# Topological spaces as model-theoretic structures -- definitions?

How do model theorists treat topological spaces as structures, i.e., what are the options for the domain, relations, and operations?

I've never done any topology, so I have only the definition to go on. I'm not even sure if you would want to take as the domain the set X of points of the space, the power set of X, only the open sets, or something else.
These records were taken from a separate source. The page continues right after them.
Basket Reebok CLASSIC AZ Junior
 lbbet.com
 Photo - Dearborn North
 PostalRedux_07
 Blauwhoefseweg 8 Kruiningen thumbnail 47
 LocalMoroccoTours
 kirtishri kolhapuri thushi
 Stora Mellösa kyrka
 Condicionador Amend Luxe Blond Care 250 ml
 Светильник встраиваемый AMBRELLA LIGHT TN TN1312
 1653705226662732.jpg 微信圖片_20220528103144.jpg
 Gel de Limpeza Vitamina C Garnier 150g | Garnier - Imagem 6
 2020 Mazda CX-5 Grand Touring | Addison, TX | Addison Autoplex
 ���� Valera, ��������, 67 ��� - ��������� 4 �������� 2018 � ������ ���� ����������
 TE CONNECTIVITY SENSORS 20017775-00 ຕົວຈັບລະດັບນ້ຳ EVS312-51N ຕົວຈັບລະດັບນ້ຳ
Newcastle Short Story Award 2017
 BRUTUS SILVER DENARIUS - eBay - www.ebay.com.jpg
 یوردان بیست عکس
• The class of topological spaces is not an elementary class: see here. So if you want a theory that admits all topological spaces as models and only topological spaces, you must look for a theory in something other than first-order logic. Jan 10 '12 at 12:49
• Thank you. I was just curious what a structure would look like. I'm not sure if a topology is necessarily a set, but is the idea to let the domain be the union of X, P(X), and P(P(X)), so the topologies will just be individuals? I don't understand the point of the R and S binary relations; are these just for the different sorts Jan 10 '12 at 14:03
• @Rachel, in order to make sure a user reads a comment you leave, you can use the "@user" construction, so they will get a notification. It's not clear Zhen Lin will ever reread this without a notification. Jan 10 '12 at 16:58
• The idea is that the domain is $X\cup\wp(X)\cup\wp(\wp(X))$; members of $X$ are the points of the space, members of $\wp(X)$ are sets of points in the space, and members of $\wp(\wp(X))$ are sets of sets of points in the space. One of the axioms will say that there is a member of $\wp(\wp(X))$ that is a topology. The relations $R$ and $S$ are there to make it possible to say that a type $0$ object (a point) is an element of a type $1$ object (a set of points), and that a type $1$ object is a member of a type $2$ object (a set of sets of points). Jan 11 '12 at 4:50
• @ZhenLin Thanks! Jan 11 '12 at 5:11

The idea is that the domain is $X\cup\wp(X)\cup\wp(\wp(X))$; members of $X$ are the points of the space, members of $\wp(X)$ are sets of points in the space, and members of $\wp(\wp(X))$ are sets of sets of points in the space. One of the axioms will say that there is a member of $\wp(\wp(X))$ that is a topology. The relations $R$ and $S$ are there to make it possible to say that a type $0$ object (a point) is an element of a type $1$ object (a set of points), and that a type $1$ object is a member of a type $2$ object (a set of sets of points).